Effect of fluid H2O on compressional wave velocities in quartz aggregate up to 500°C at 0.5 GPa

Earth, Planets and Space201466:35

https://doi.org/10.1186/1880-5981-66-35

  • Received: 15 December 2013
  • Accepted: 23 April 2014
  • Published:

Abstract

Compressional wave velocities (V p) in quartz aggregate were measured to quantify the effect of pore fluid (H2O) on V p at high pressure-temperature (P-T). Ultrasonic measurements were conducted on dry and wet quartz aggregate from room temperature to 500°C at 0.5 GPa using a piston cylinder apparatus. The experiment showed a 4% decrease in measured V p in quartz aggregate with increasing H2O content to 1 wt.%, whereas the temperature derivative of V p (∂V p/∂T = -2.8 to -4.9 × 10-4 km s-1°C-1) in wet quartz aggregate remained almost the same as for the dry quartz aggregate (∂V p/∂T = -5.2 × 10-4 km s-1°C-1). Our high-pressure, high-temperature experiments show that a small amount of pore fluid (0.4 to 1.0 wt.% H2O) can significantly reduce V p under the P-T conditions of the middle crust.

Keywords

  • V p
  • Fluid
  • Quartz

Findings

Background

Seismic tomography studies show lateral changes in velocities within the crust. The first observation of a low seismic velocity (-5%) and high Poisson's ratio (+6%) anomaly at the hypocentral zone of the 1995 Kobe earthquake (magnitude 7.2) in Japan demonstrated that pore fluids (such as fluid H2O) could be critical to earthquake studies (Zhao et al. 1996; Zhao and Mizuno 1999). Therefore, seismic velocities have become vital parameters in our understanding of the dynamics of the Earth's crust. To estimate the pore fluid content in the crust, it is important to investigate the effect of pore fluids on the elastic velocities of crustal materials under realistic pressure-temperature (P-T) conditions of the deep crust. In this paper, we measured elastic wave velocities in dry and wet quartz aggregates at pressures up to 0.5 GPa and temperatures up to 500°C, which correspond to those of the Earth's middle crust.

The first ultrasonic velocity measurement system was developed by McSkimin (1950), and it has been further developed and adapted to high-pressure techniques (e.g., Li et al. 1998). The elastic velocities in many crustal rock types have been determined by ultrasonic experiments using high-pressure apparatus (e.g., Christensen and Mooney 1995; Ito and Tatsumi 1995; Mueller 1995; Rudnick and Fountain 1995; Kern et al. 1997). These experimental studies have provided compressional and shear wave velocity data that can be used to constrain the petrological characteristics of the lower continental crust. However, the effect of pore fluids such as water on the elastic wave velocities of crustal rocks at high temperatures and under deep crustal pressure is still far from understood.

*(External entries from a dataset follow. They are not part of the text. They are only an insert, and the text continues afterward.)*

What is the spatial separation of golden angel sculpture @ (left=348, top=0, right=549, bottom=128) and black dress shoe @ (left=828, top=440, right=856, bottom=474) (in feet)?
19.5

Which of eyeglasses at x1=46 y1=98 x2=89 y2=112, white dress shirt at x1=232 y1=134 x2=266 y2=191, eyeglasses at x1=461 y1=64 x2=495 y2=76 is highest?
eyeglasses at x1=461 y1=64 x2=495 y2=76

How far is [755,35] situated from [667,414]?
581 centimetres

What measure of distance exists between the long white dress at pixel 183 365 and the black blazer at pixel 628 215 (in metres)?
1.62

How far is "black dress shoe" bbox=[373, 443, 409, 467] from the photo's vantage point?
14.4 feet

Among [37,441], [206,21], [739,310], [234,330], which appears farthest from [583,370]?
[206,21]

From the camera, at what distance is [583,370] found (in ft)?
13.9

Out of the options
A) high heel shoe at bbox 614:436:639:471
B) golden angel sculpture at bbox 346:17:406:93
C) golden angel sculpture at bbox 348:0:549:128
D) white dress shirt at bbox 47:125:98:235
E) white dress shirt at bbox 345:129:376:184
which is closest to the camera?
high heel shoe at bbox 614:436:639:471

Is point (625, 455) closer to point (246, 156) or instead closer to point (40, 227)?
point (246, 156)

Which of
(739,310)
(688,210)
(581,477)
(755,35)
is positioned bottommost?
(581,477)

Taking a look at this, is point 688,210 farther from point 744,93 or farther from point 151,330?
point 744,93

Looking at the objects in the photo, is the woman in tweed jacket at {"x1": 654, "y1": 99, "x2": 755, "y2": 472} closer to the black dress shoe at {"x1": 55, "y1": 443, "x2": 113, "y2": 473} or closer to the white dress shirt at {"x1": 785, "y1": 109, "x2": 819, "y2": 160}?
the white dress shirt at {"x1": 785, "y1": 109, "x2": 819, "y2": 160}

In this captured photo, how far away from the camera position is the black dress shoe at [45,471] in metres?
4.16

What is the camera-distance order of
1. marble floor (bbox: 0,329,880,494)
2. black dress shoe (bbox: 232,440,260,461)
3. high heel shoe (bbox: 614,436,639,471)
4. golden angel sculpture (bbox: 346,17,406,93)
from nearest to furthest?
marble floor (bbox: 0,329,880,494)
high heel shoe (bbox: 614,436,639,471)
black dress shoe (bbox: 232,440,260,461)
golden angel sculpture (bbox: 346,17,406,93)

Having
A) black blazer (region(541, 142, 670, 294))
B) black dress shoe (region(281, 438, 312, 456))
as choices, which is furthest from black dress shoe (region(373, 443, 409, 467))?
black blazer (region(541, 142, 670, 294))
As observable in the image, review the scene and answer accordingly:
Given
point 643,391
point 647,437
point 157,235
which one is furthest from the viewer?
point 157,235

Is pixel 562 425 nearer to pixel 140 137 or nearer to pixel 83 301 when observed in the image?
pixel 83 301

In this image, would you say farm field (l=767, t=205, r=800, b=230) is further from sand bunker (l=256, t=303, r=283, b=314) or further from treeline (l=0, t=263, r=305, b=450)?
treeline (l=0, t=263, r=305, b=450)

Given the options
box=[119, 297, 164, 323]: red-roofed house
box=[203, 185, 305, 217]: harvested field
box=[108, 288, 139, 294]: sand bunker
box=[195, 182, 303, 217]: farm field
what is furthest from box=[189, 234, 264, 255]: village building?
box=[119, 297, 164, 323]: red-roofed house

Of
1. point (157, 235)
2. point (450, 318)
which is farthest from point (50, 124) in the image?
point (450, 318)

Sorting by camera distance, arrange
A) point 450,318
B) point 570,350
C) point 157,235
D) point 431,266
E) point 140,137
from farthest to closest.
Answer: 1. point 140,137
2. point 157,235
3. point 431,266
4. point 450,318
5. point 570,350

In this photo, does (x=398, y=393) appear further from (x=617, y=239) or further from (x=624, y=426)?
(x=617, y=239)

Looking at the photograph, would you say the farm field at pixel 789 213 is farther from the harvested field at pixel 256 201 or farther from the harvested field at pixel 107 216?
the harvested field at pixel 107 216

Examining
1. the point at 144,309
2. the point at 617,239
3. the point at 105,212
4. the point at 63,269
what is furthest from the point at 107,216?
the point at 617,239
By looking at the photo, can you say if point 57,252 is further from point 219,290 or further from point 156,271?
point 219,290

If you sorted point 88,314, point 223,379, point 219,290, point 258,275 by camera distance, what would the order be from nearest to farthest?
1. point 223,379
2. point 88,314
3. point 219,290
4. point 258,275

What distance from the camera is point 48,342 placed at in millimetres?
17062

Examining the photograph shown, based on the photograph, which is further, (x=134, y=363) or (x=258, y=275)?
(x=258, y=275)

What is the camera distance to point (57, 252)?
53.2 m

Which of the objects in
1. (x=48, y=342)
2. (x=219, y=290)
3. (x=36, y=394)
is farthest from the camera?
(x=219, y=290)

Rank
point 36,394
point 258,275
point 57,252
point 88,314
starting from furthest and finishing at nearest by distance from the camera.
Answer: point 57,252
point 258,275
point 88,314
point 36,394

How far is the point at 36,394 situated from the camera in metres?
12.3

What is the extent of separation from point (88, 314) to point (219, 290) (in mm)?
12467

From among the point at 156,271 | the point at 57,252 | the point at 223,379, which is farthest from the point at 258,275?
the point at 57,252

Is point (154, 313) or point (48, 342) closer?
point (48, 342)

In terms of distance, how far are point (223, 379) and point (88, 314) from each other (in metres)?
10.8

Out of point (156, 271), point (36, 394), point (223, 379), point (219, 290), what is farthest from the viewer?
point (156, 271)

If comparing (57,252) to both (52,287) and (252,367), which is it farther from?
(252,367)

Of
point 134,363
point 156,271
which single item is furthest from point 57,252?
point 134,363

In this paper, we investigate the effect of fluid H2O on compressional velocities (V p) in quartz aggregate. Our results demonstrate that the compressional wave velocity decreases significantly at 1 wt.% H2O (present as pore fluid) under the P-T conditions of the middle crust.

Methods

The high-pressure apparatus and layout of the experimental system for conducting the ultrasonic experiments in this study are shown in Figure 1. The elements of this experimental setup included a piston cylinder press and an ultrasonic system. We used a solid-medium piston cylinder apparatus with an internal diameter of 34 mm and a length of 80 mm (Toshiba Tungaloy Company, Kawasaki City, Japan). Talc, pyrophyllite, and boron nitride (BN) were used as the solid pressure transmitting medium that also contained a heating element and sample. The calibration of pressure has been described elsewhere (Kono et al. 2004,2008; Kozai and Arima 2005; Nishimoto et al. 2005).
Figure 1
Figure 1

Layout of ultrasonic experimental system using pulse reflection technique and schematic diagram of high-pressure cell.

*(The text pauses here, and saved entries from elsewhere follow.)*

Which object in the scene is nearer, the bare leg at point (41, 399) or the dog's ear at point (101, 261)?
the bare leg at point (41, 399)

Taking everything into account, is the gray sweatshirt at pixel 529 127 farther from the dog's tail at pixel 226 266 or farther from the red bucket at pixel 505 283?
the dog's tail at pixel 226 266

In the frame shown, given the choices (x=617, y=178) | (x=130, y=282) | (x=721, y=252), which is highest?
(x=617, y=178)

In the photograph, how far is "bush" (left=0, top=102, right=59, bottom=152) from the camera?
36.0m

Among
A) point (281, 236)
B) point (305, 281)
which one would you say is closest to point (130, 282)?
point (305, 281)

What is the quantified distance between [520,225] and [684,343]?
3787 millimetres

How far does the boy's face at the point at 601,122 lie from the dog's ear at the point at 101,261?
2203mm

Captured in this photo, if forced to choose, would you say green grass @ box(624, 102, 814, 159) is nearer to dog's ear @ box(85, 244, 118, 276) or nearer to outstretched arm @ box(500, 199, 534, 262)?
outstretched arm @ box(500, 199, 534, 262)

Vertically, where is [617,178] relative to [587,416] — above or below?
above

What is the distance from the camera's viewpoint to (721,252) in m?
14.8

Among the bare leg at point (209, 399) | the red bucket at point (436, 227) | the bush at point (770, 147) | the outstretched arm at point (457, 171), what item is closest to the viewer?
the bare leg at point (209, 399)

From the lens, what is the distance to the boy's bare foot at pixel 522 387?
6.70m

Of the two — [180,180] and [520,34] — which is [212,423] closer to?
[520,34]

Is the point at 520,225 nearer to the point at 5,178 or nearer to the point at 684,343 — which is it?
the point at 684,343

Both top and bottom faces of the core sample (approximately 6.0 mm diameter and 6.0 mm length) were diamond-polished. Each core sample was vacuum-dried at 180°C for 24 h. The vacuum-dried samples were then encapsulated in platinum with or without distilled water. A 20-mm long platinum buffer rod was placed between the platinum-encapsulated sample and a LiNbO3 piezoelectric transducer. The piezoelectric transducer was mounted on the bottom of the platinum buffer rod. No glue was used at any interface. The encapsulated sample, buffer rod, and piezoelectric transducer were then placed in the talc pyrophyllite high-pressure cell. High temperatures were achieved using a graphite heater and were monitored by a Pt-PtRh13 thermocouple. A thermocouple junction was placed on the top of the platinum-encapsulated sample. The temperature differences between the thermocouple junction and several parts of the cylindrical rock sample were measured to evaluate the thermal distribution of the cell assembly (Kono et al. 2004,2008). Figure 1 also shows details of the high-pressure, high-temperature cell assembly inside the cylinder.

Ultrasonic velocity measurements were performed using the pulse reflection technique with buffer rod. To generate elastic waves, sinusoidal electric burst signals were produced by an arbitrary waveform generator (Tektronix AWG2021, Beaverton, OR, USA) and applied to the LiNbO3 piezoelectric transducer (10° Y-cut). The elastic waves of 8 MHz were transmitted through the buffer rod and the sample. The sample length was more than ten times longer than the wavelength of the elastic waves. Reflected elastic waves from the top and bottom surfaces of the sample were received by the transducer and then converted into an electric signal. The waveforms were recorded using a digital oscilloscope (Hewlett-Packard 54825A, Palo Alto, CA, USA). These signals were sampled 4,096 times for each run at a sample rate of 1.0 × 109 samples/s for a given P-T condition. We used the mean value of the recorded travel time for a given P-T condition and corresponding ray path to compute the average velocity. The maximum uncertainty in the measured V p values was ±0.4%. This procedure is described in more detail elsewhere (Kono et al. 2004).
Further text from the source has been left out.